- Conservation status: Extinct (1918) (IUCN 3.1)

Scientific classification
- Kingdom: Animalia
- Phylum: Chordata
- Class: Aves
- Order: Passeriformes
- Family: Fringillidae
- Subfamily: Carduelinae
- Genus: †Dysmorodrepanis Perkins, 1919
- Species: †D. munroi
- Binomial name: †Dysmorodrepanis munroi Perkins, 1919

= Lānaʻi hookbill =

- Genus: Dysmorodrepanis
- Species: munroi
- Authority: Perkins, 1919
- Conservation status: EX
- Parent authority: Perkins, 1919

Extinct species of bird

The Lānaʻi hookbill (Dysmorodrepanis munroi) is an extinct species of Hawaiian honeycreeper.

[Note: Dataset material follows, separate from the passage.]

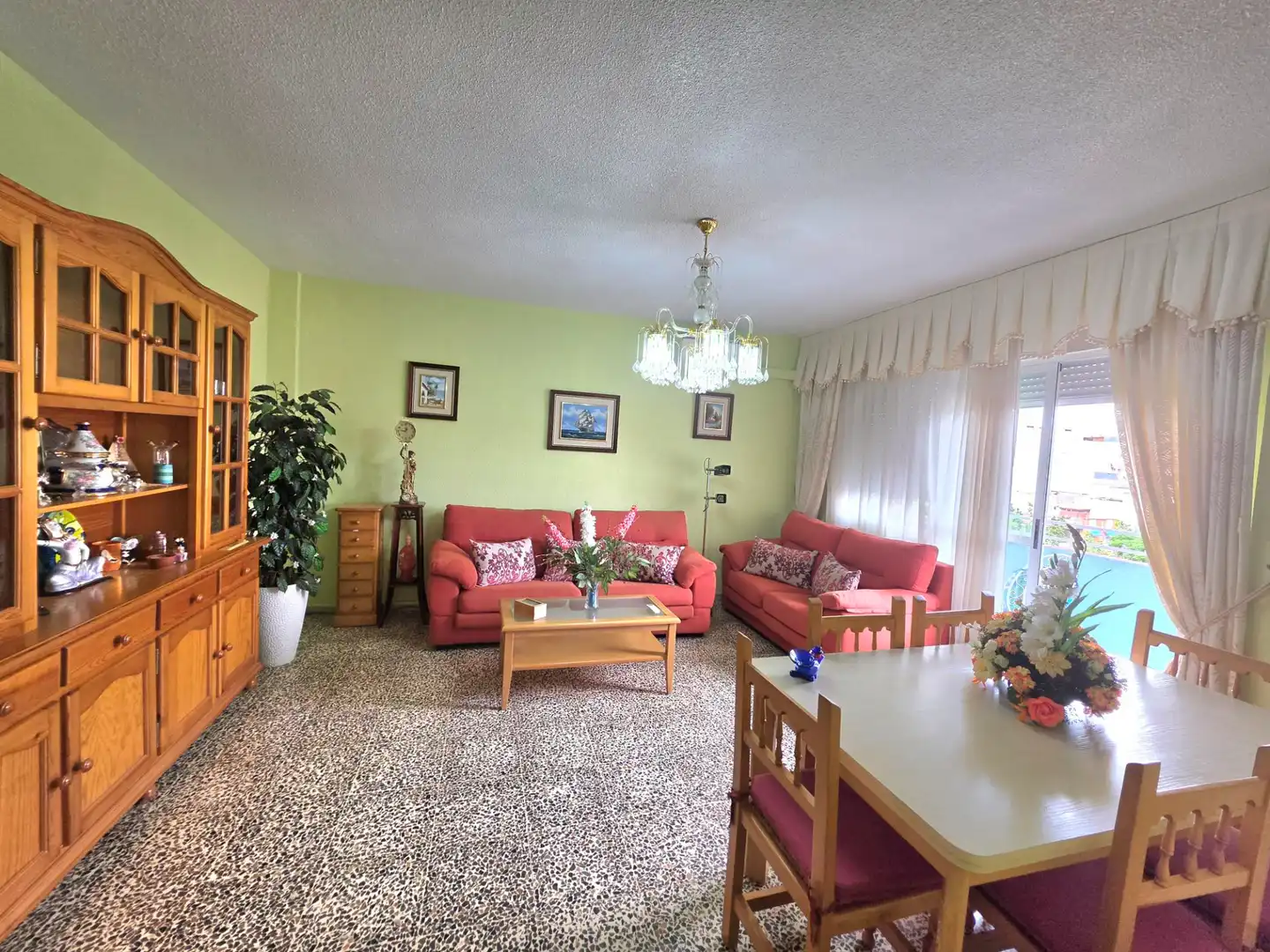 Wohnung mit Terrasse zum Verkauf in Casco Antiguo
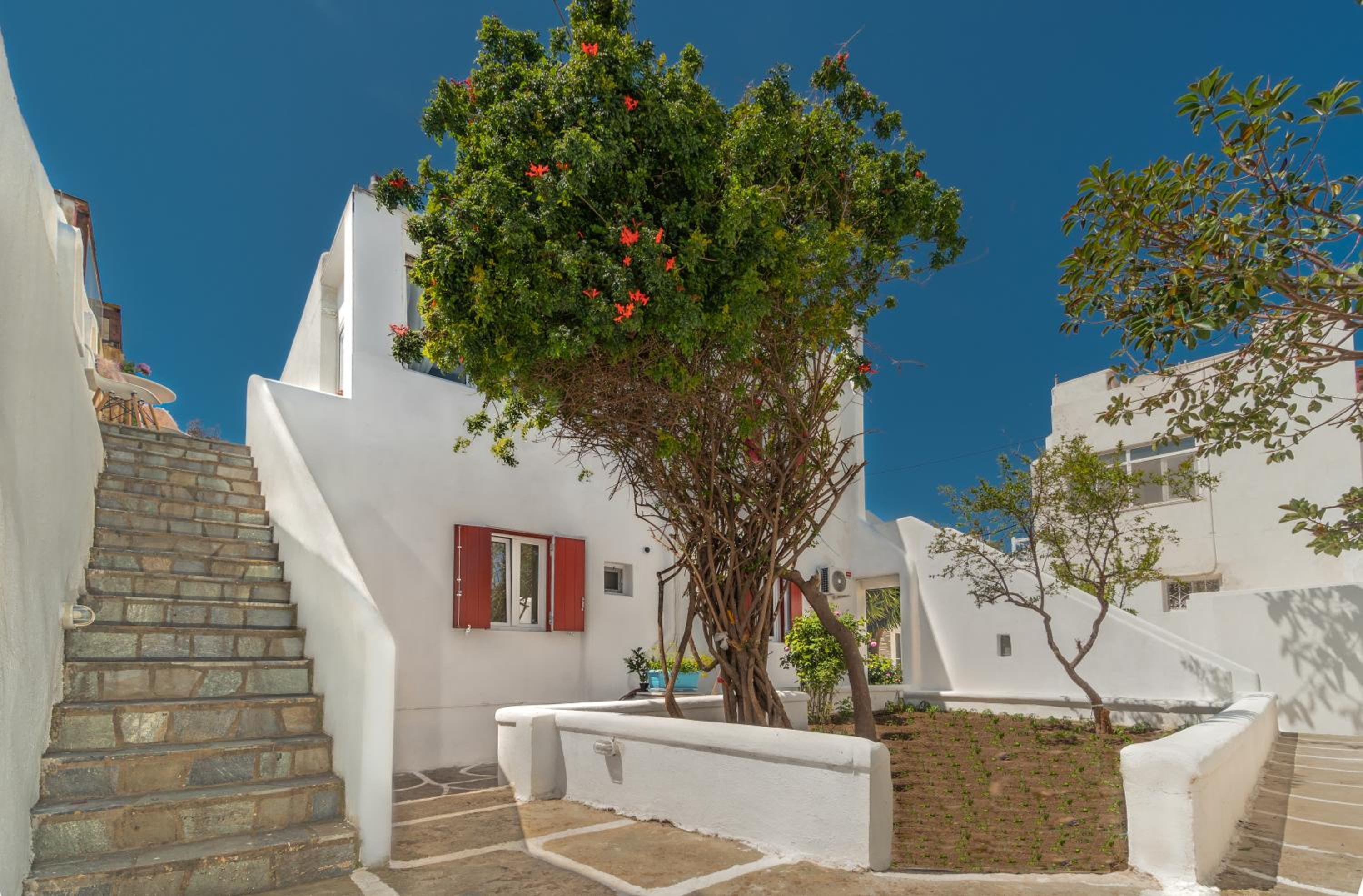 Dimelal Mykonos Town Apartments - Image 4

It was endemic to the island of Lānaʻi in Hawaiʻi, and was last seen in the southwestern part of the island. George C. Munro collected the only known specimen of this species in 1913, which is housed in the Bernice P. Bishop Museum in Honolulu, and saw the species only twice more, once in 1916 and for a final time in 1918. No other sightings have been reported. They inhabited montane dry forests dominated by ʻakoko (Euphorbia species) and ōpuhe (Touchardia sandwicensis). The Lānaʻi hookbill was monotypic within the genus Dysmorodrepanis and had no known subspecies. Its closest relative is believed to be the ʻōʻū, and some early authors suggested that the Lānaʻi hookbill was merely a deformed ʻōʻū. The Lānaʻi hookbill was a plump, medium-sized bird with greenish olive upperparts and pale whitish yellow underparts. It also had a yellow or white superciliary line and a white chin and throat. The wings also had a distinctive and conspicuous white wing patch. The hookbill's distinguishing characteristic was its heavy, parrotlike bill, which had the mandibles hooking sharply towards each other, leaving a gap between them when the beak was closed.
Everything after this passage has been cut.